New build looks pretty nice overall. The web interface is a little slicker and has some nice improvements.

[edit] Hmm, I notice luci-app-ntpc is gone altogether so I'm guessing this is a change in the openwrt distro. And the browser gui now has a time sync function. Is ntp support being replaced?

(Last edited by tt on 3 Nov 2011, 03:54)

tt wrote:

Did you remove the "ntpclient" package intentionally?
...
Hmm, I notice luci-app-ntpc is gone altogether so I'm guessing this is a change in the openwrt distro. And the browser gui now has a time sync function. Is ntp support being replaced?

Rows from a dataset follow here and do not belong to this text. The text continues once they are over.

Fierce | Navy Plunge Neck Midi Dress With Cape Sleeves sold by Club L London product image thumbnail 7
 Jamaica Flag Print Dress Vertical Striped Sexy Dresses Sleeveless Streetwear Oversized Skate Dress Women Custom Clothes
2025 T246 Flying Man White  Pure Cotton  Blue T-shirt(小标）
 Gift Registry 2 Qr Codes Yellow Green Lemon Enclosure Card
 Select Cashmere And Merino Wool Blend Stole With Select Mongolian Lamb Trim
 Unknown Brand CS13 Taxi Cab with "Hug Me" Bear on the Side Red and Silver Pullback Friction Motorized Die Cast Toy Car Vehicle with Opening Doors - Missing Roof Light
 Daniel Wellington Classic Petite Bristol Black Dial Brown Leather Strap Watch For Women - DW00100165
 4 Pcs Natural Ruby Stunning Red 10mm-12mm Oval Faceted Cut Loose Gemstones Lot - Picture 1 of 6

Yep, busybox built-in ntpd replaced rdate wholly, and that is also supposed make separate ntpclient redundant...
https://dev.openwrt.org/changeset/28613
https://lists.openwrt.org/pipermail/ope … 12691.html
https://lists.openwrt.org/pipermail/ope … 12692.html

But that change naturally requires that you either copy the new default settings for ntpd to /etc/config/system or replace your old one with a new containing the settings. https://dev.openwrt.org/changeset/28612 … /files/etc

Otherwise the changes were only due to dependency changes revealed in connection with the .config rebuild. For example, the button handling kmod was changed a few months ago, but the old kmod does not get removed from .config automatically. (And I intentionally left the strace utility away.)

(Last edited by hnyman on 3 Nov 2011, 06:55)

Well good riddance to rdate, but the lack of a migration for the ntpclient settings to /etc/config/system is a small annoyance. In any case, after editing it by hand, all seems well - the "Time Synchronization" frame is populated in System->System and ntpd is running.

I take it I can get rid of /etc/config/timeserver and /etc/config/ntpclient now?